Weather will dovetail with the planning environment incorporating TurboTax-like queries for employment decisions — “Do you want me to enable automatic blade and inlet de-ice or cue you in flight?” Pre-mission planning systems will mimic aircraft capabilities, allowing easy en route mission re-tasking or automated route replanning due to threats (including weather). Route replanning algorithms will include real-time ownship and wingman performance (climb, turn, speed), and fuel limit computations to check re-routing feasibility. Cabin occupants will have easy-to-use, virtual sand-tables, allowing mission briefing and contingency planning while en route. Airborne implementation of the Global Information Grid will ensure tailored data gets to the right recipients at the right time. Smart publish and subscribe service-based architectures will allow better data management to and from warfighters.
Lastly, flight control automation will be a big enabler. For manned flight, mission-based tailorable flying handling qualities can also provide emergency return to base in the event of pilot casualty. Decision-aiding is an adjunct of flight-control automation. The RAH-66 Comanche’s cognitive decision aid dreams will be enabled and enhanced. Then as we execute missions, the onboard fault detection and fault isolation will have been running in the background, watching for mechanical, vibratory or electronic faults and any airframe exceedances while forwarding maintenance or parts support requests via high-bandwidth data links.
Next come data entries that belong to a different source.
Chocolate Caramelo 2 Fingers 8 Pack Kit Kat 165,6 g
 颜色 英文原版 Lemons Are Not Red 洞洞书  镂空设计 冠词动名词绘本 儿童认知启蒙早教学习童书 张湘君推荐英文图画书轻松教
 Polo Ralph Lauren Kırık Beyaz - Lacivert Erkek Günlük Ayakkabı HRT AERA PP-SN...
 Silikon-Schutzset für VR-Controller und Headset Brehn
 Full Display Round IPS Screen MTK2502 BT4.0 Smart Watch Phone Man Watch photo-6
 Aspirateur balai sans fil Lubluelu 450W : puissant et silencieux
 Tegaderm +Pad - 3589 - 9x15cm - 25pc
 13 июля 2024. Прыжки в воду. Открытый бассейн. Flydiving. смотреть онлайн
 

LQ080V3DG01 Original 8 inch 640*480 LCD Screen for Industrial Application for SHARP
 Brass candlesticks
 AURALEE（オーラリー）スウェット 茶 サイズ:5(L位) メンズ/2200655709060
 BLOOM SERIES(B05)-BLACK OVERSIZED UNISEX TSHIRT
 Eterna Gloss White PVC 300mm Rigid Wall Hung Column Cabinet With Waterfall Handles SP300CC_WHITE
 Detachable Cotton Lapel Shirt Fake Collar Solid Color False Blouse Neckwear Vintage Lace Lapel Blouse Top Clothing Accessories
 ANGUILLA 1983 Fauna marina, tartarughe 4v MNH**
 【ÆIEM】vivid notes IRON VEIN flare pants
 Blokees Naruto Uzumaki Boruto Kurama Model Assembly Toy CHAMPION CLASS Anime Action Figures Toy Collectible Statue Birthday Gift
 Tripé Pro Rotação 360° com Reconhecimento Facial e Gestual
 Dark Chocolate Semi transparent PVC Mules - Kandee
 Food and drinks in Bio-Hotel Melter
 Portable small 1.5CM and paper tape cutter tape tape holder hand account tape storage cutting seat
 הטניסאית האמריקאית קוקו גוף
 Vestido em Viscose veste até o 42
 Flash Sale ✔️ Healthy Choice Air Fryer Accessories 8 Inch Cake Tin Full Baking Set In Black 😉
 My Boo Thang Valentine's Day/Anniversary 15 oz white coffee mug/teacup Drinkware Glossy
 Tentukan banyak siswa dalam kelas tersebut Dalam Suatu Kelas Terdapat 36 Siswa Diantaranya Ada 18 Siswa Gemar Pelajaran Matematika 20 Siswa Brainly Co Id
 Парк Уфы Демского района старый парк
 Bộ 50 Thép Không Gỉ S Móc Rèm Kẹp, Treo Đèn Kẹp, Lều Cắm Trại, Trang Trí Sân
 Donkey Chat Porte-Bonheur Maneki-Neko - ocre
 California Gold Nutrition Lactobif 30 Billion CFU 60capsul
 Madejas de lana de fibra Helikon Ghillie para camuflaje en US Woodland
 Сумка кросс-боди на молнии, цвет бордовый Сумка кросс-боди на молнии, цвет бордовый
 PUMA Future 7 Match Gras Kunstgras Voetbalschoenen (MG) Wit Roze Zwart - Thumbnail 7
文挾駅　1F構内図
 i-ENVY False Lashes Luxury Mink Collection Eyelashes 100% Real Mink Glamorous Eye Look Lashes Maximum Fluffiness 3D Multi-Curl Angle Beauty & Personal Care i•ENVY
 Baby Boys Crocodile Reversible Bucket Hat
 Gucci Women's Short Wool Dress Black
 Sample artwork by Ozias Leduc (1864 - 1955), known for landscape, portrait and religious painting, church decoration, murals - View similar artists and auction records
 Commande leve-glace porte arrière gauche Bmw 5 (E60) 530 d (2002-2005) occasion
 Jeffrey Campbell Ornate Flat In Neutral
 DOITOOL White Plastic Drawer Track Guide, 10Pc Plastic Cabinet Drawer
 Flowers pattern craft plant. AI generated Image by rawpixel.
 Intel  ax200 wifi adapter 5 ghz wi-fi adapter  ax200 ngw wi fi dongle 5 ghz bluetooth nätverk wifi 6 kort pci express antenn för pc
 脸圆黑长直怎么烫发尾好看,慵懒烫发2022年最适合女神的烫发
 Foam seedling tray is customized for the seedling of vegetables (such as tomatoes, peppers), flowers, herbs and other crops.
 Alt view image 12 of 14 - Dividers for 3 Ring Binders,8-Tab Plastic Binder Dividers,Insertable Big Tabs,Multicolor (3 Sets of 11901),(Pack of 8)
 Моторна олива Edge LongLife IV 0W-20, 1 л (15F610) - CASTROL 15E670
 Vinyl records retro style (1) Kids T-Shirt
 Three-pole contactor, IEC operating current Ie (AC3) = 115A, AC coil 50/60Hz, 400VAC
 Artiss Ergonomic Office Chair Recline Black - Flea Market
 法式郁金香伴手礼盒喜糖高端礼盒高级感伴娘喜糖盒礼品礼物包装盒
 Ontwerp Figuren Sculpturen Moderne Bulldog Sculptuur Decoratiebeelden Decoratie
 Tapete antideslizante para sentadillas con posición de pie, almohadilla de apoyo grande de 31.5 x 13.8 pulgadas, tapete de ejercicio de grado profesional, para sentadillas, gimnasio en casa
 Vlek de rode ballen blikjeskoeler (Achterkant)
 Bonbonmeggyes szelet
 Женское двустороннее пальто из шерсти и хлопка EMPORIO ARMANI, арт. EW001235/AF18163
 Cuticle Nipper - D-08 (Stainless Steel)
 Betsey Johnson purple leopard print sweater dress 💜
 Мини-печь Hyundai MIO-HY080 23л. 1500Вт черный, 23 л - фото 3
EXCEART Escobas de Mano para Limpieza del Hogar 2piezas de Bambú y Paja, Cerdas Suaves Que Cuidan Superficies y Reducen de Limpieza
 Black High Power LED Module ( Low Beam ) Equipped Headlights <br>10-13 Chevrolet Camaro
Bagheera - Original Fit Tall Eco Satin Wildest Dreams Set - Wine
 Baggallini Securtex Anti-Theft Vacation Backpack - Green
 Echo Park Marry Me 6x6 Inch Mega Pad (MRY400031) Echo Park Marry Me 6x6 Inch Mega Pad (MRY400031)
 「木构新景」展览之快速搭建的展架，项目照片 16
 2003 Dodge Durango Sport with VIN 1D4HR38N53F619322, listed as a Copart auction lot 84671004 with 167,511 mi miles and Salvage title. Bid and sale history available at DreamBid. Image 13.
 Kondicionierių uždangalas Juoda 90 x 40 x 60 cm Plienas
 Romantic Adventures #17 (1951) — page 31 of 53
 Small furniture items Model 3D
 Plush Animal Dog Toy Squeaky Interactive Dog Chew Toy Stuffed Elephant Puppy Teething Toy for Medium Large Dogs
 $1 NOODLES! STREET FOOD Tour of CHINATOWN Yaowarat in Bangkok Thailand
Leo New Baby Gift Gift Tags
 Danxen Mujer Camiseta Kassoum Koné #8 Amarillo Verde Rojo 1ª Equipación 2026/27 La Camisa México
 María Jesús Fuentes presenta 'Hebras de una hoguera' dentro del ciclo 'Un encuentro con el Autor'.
Mission system complexity discussed thus far is extraordinary and will demand remarkable parallel processing. Micro-cloud architectures aboard the aircraft will divide and accelerate computing among small processors at the skin sensors for redundancy and to reduce heavy computing processing costs in centralized multi-core mission computers. These architectures will have redundant fiber-optic “photonic” backbones for flight and mission management. We may see the migration to massively parallel processing using multi-frequency laser-optical CPUs to accommodate intense graphic processing and cooling demands. We’ll see industry-standard partitioned architectures for sensor control/display and weaponry. This will allow enhancements to systems with minimal regression testing.